Exercise goal >> Go to the line with "I Choose The" in the records below, then output it and each following line exactly, up to and including the line with "Eigene Aufträge in". Skip pictures and add nothing.

[Records from a collection]
• • • •
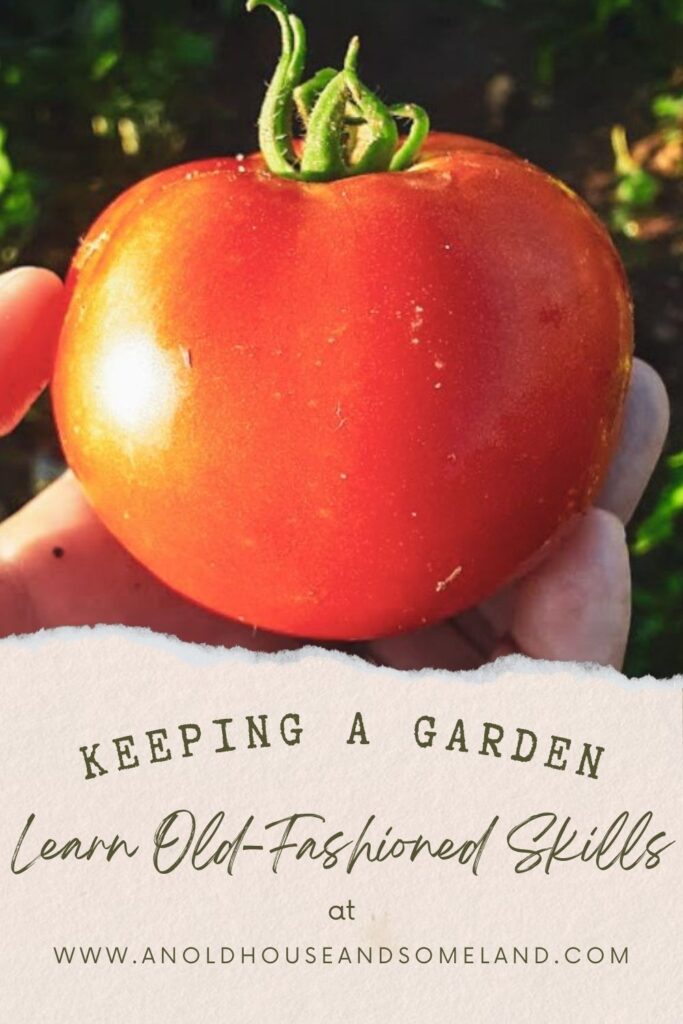 Keeping a Garden: Learn Old-fashioned Skills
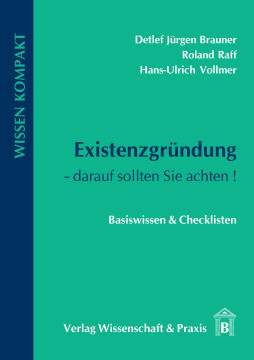 Existenzgründung – darauf sollten Sie achten Existenzgründung – darauf sollten Sie achten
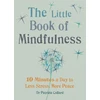 KNYGA Patricia Collard Little Book of Mindfulness, 10 minutes a day to less stress, more peace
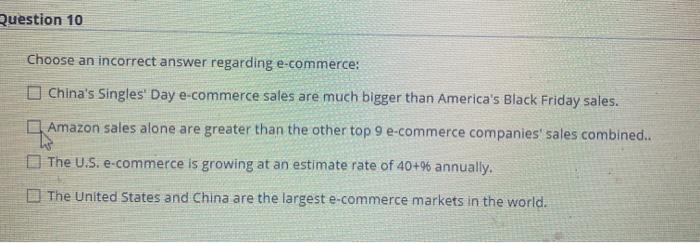 Question 10 Choose an incorrect answer regarding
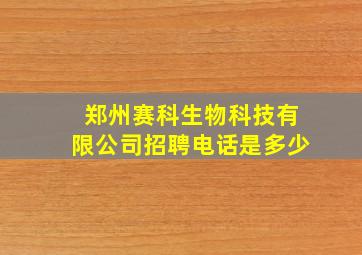 郑州赛科生物科技有限公司招聘电话是多少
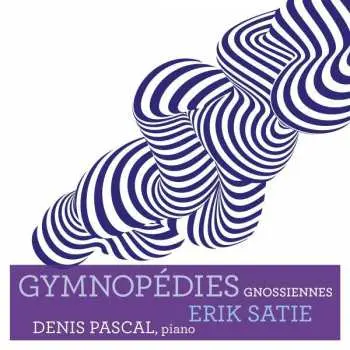CD Denis Pascal: Satie: Gymnopedies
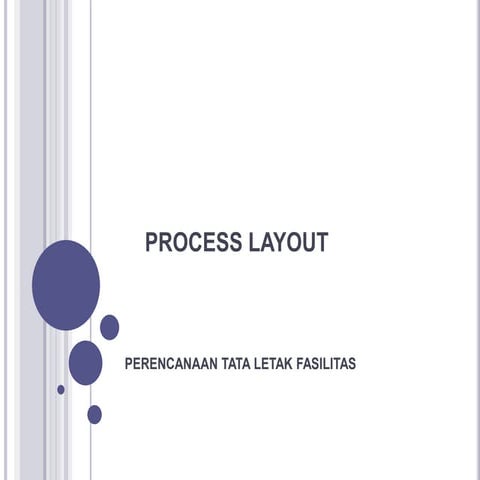 Process layout | PPT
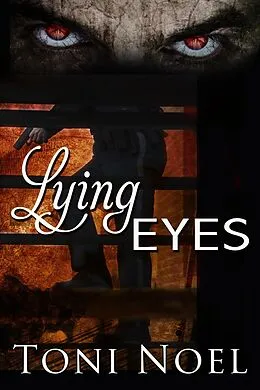 E-Book (epub) Lying Eyes von Toni Noel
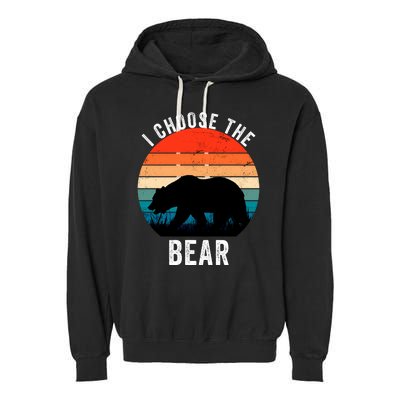 I Choose The Bear Women Overwhelmingly Choose The Bear Trendy Outfit Garment-Dyed Fleece Hoodie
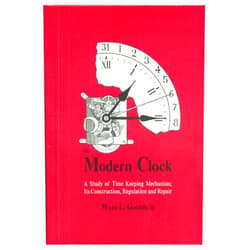 Ward L. Goodrich The Modern Clock: A Study of Time Keeping Mechanism; Its Construction, Regulation, and Repair
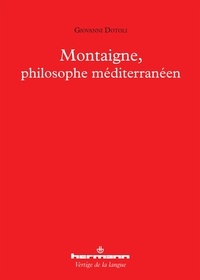 Giovanni Dotoli - Montaigne, philosophe méditerranéen.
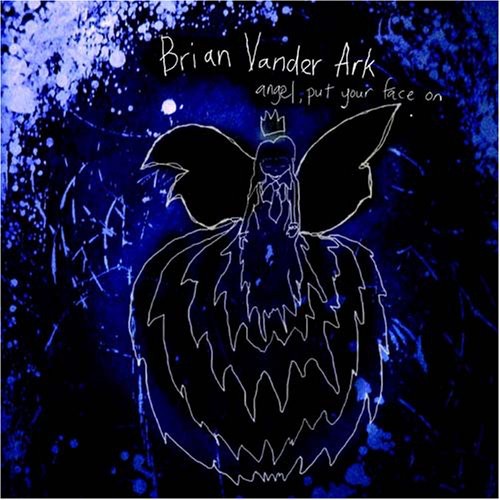 Vander Ark,brian - Angel Put Your Face On - Music CD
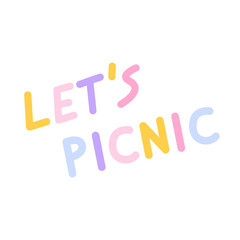 Vector illustration of summer Lets picnic typography with soft, colorful tones. Perfect for modern greeting cards, kawaii quotes, and fun vacation themes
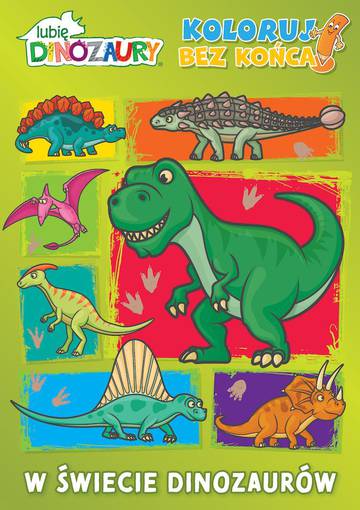 W świecie dinozaurów. Lubię dinozaury. Koloruj bez końca!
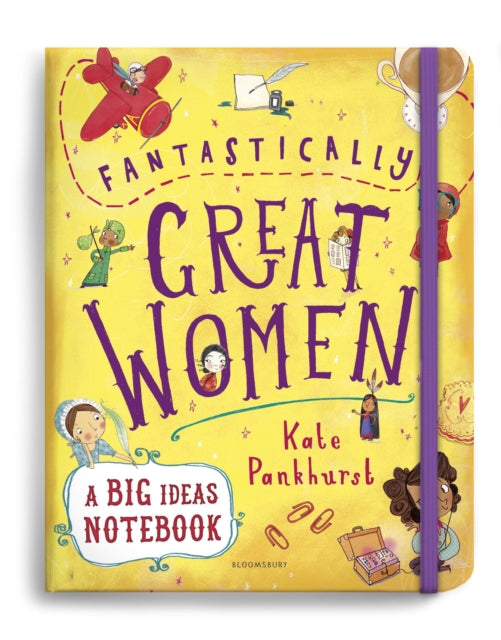 Book cover of: Fantastically Great Women A Big Ideas Notebook. By: Kate Pankhurst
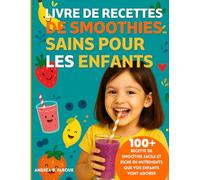LIVRE DE RECETTES DE SMOOTHIES SAINS POUR LES ENFANTS: 100+ Recette de smoothie facile et riche en nutriments que vos enfants vont adorer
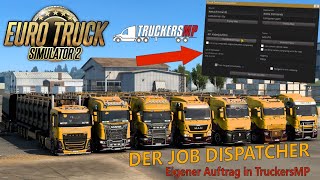 Eigene Aufträge in TruckersMP erstellen  Job Dispatcher  Tutorial  Euro Truck Simulator 2 [upl. by Notsahc]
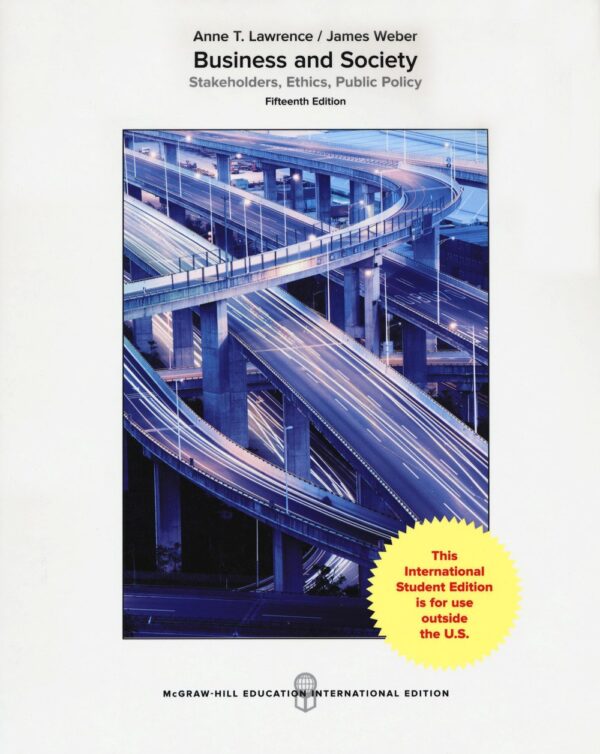 Business and Society: Stakeholders, Ethics, Public Policy (COLLEGE IE OVERRUNS)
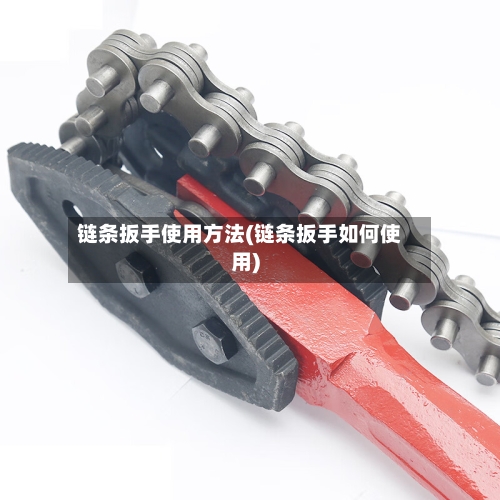 链条扳手使用方法(链条扳手如何使用)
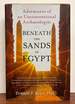 Beneath the Sands of Egypt: Adventures of an Unconventional Archaeologist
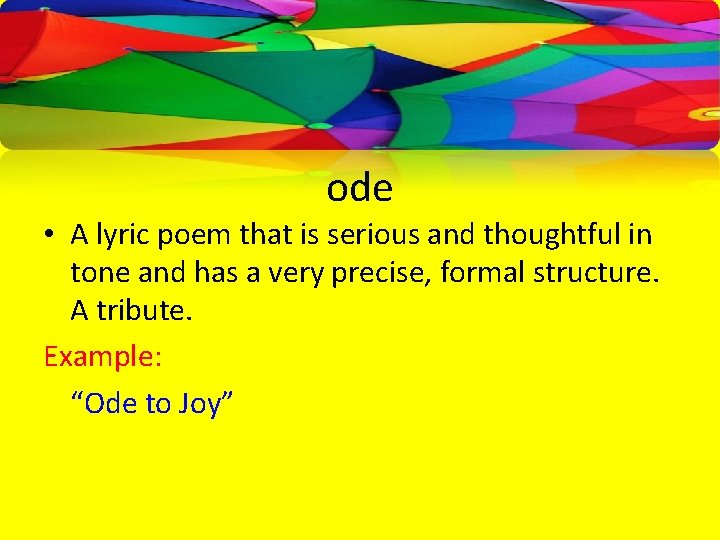ode • A lyric poem that is serious and thoughtful in tone and has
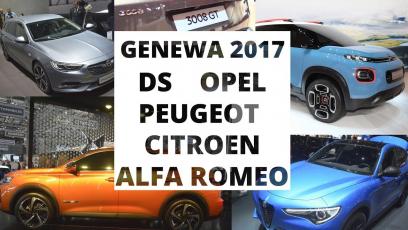 Genewa 2017 - DS, Opel, Peugeot, Citroen, Alfa Romeo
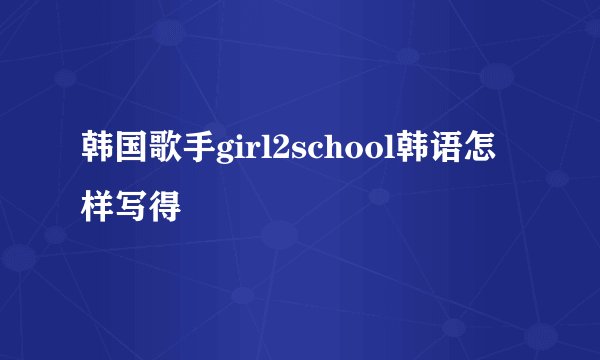 韩国歌手girl2school韩语怎样写得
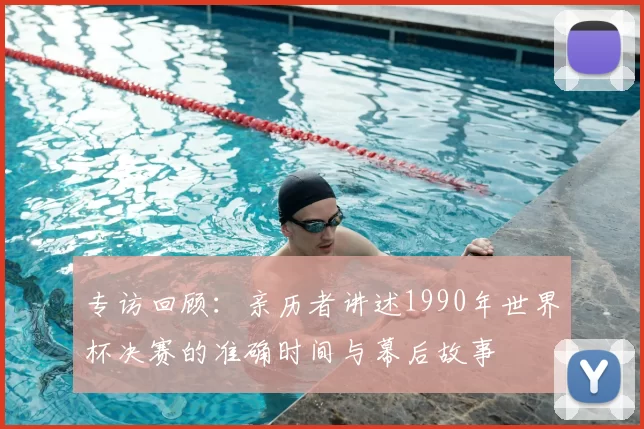 专访回顾:亲历者讲述1990年世界杯决赛的准确时间与幕后故事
• • • •
Result for this task >>
 I Choose The Bear Women Overwhelmingly Choose The Bear Trendy Outfit Garment-Dyed Fleece Hoodie
 Ward L. Goodrich The Modern Clock: A Study of Time Keeping Mechanism; Its Construction, Regulation, and Repair
 Giovanni Dotoli - Montaigne, philosophe méditerranéen.
 Vander Ark,brian - Angel Put Your Face On - Music CD
 Vector illustration of summer Lets picnic typography with soft, colorful tones. Perfect for modern greeting cards, kawaii quotes, and fun vacation themes
 W świecie dinozaurów. Lubię dinozaury. Koloruj bez końca!
 Book cover of: Fantastically Great Women A Big Ideas Notebook. By: Kate Pankhurst
LIVRE DE RECETTES DE SMOOTHIES SAINS POUR LES ENFANTS: 100+ Recette de smoothie facile et riche en nutriments que vos enfants vont adorer
 Eigene Aufträge in TruckersMP erstellen  Job Dispatcher  Tutorial  Euro Truck Simulator 2 [upl. by Notsahc]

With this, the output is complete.